Tag Archives: Radiotelephone Operator

A Bit of Berzerkeley

There’s a saying, (probably) wrongly attributed to Robin Williams, “If you can remember the 60s, you probably weren’t there.” To tell the truth, I do have a bit of trouble remembering some of the last half of the 60’s, as well as a bit of the 70s, and this is why finding this document in a file in the garage today is important to me.

I was a disc jockey on a very underground radio station in Berzerkely, but I couldn’t quite remember when it was. I knew approximately when, but not with the “precision” this document provides.

My memories – from about 1967, when I made it up to the Haight-Ashbury district of San Franciso at the tail-end of the “Summer of Love,” to the mid-seventies – are a bit jumbled and confused. I knew I was up there around this time, because I remember the walls of my no-water flat weeping from the moisture in the winter air, and the almost deadly asthma attack I had after being up all night doing a show.

Our radio station probably reached about an area six or seven blocks square. That was it. I think we had one-tenth of a watt of transmission power, and a transmitter that our engineer had managed to sneak onto the top of the Engineering building that was on the north campus of UC Berzerkeley.

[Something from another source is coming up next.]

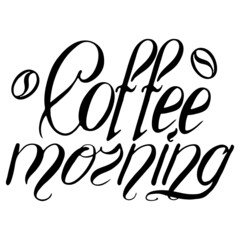 vector illustration, lettering, coffee, isolate on a white background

It was great fun, dangerous for my health (though here I am,) and I learned quite a bit from it. Turned out I was a horrible reporter. I went to the Marin County Courthouse to cover the arraignment of Angela Davis, after Jonathon Jackson attempted to free his brother George, and ended up killing the judge in the case and dying along with his brother. When Angela’s attorney came out to speak with her supporters, she was surrounded by the media and nobody could hear what she was saying, so I turned my recorder into a PA and let her use it to address the crowd. I ended up with nothing for my story. I have no regrets.